Tras Víctor Hugo, prestó declaración un testigo, a propuesta también de las defensas. Se trata de un hombre de nacionalidad colombiana que ante la Guardia Civil declaró haber recibido algo más de 2.000 euros en Madrid, de manos de Ospino Illera, con la orden de entregárselos a Luz Marina. Este martes, sin embargo, ha asegurado que se había equivocado en la declaración en sede policial y que, en realidad, ese dinero procedía de su propia cuenta bancaria. Incluso ha aseverado bajo juramento que la mujer le había devuelto el dinero, aunque no supo explicar muy bien ni cómo, ni cuándo. Homicidios aporta en su atestado justificantes de distintos pagos realizados por Luz Marina, relativos a un coche y a una vivienda relacionados con el plan criminal que, ha querido de nuevo el azar, sumen la misma cifra, esto es, esos dos mil y pico euros.
Una encerrona criminal poco habitual
Esta es la primera vez que València se convierte en un escenario criminal de esas características, así que Homicidios tuvo claro desde el primer momento que lo que tenían ante sí era la exportación de una ejecución por encargo, una 'balacera' habitual en el ecosistema del narco en Colombia, Ecuador o Venezuela, pero absolutamente extraño en nuestro país.
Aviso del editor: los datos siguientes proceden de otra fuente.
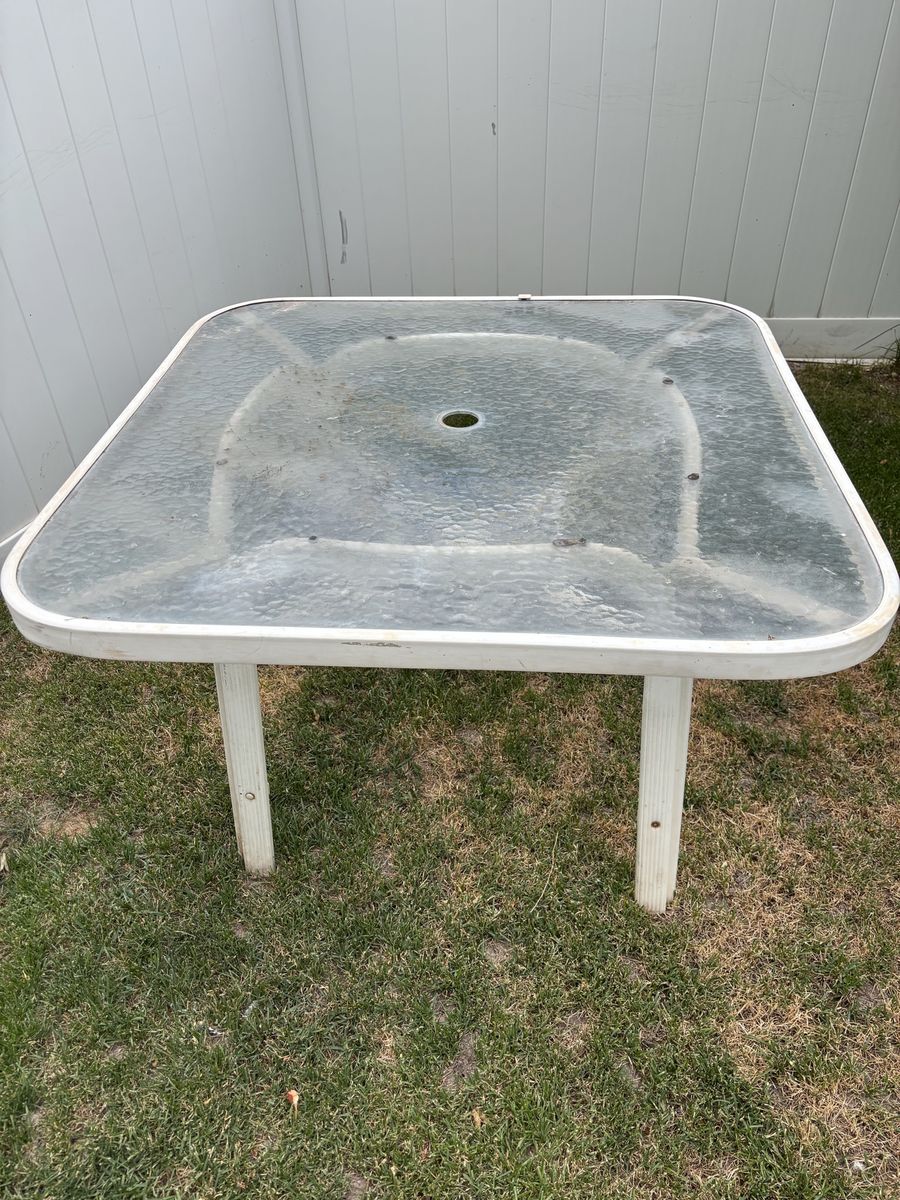 Patio Table 42x42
La Negra se erigió en principal sospechoso desde el principio, pero había que reunir las pruebas y hacerlo sin ruido, sobre todo, sin que ese ruido llegase a las autoridades de Barranquilla, el feudo de Ospino y de Los Costeños.

Matan a tiros a tres ciudadanos colombianos en un coche en la Gola de Pujol / Fernando Bustamante
Por ello, el grupo de Homicidios de la Guardia Civil de València tuvo fácil descubrir al sospechoso: los medios colombianos llevan años, desde aquella fiesta de cumpleaños, publicando la guerra para acabar con el monopolio del narco que ejercía el clan de los Vega Daza en el Norte, en el área de Barranquilla, capital del departamento del Atlántico. Lo difícil era reunir las pruebas en una investigación compleja y arriesgada, y después, conseguir atrapar a Ospino en cuanto pusiera un pie en España.
En esa investigación reconstruyeron cómo Beto cometió los primeros errores que dejaron su escondrijo en València al descubierto, sobre todo después de entrar en contacto con María Alejandra, de la que, recuerda el fiscal, se fiaba porque había sido novia de su hermano, asesinado en junio de 2023, cuando los hombres de La Negra Dominga vengaron a su sobrino acribillando a todos los Vega Daza menos a Roberto Carlos. A partir de ahí, iniciaron el plan, en el que Ospino habría puesto el dinero y los medios para que los dos ejecutores lo asesinaran. La encerrona consistió en citarlo a esa reunión a casa de Alejandra, en el Saler, de donde ya sí que no salió vivo.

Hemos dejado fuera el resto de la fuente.